[Start of Attachment]

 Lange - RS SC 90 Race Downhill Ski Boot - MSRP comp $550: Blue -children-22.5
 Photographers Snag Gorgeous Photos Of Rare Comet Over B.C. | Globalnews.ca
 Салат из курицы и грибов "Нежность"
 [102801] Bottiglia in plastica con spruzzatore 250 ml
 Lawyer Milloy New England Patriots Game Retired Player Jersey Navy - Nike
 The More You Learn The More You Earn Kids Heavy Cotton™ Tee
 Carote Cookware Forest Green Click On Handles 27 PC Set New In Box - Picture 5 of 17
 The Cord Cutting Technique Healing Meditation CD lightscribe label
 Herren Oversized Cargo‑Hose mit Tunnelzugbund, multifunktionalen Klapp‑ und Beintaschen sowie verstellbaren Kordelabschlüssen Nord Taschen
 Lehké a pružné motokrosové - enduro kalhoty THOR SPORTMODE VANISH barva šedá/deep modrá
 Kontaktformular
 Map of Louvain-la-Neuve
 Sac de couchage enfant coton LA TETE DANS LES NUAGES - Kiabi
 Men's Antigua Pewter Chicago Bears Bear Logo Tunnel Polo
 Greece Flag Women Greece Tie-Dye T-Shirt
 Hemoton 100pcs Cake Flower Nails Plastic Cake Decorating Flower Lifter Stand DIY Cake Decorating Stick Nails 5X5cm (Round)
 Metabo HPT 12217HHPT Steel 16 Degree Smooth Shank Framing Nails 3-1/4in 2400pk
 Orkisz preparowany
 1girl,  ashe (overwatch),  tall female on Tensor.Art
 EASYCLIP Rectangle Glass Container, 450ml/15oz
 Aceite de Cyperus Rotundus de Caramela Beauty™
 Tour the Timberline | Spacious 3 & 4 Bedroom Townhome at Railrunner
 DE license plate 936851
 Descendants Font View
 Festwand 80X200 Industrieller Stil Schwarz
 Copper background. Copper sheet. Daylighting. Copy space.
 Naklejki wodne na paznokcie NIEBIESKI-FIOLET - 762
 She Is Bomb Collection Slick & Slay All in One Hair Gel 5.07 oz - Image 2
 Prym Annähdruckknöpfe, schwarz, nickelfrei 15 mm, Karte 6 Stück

[End of Attachment]

Task requirements:
From the data, pick out every line that includes "Nails".

Solved exercise:
 Hemoton 100pcs Cake Flower Nails Plastic Cake Decorating Flower Lifter Stand DIY Cake Decorating Stick Nails 5X5cm (Round)
 Metabo HPT 12217HHPT Steel 16 Degree Smooth Shank Framing Nails 3-1/4in 2400pk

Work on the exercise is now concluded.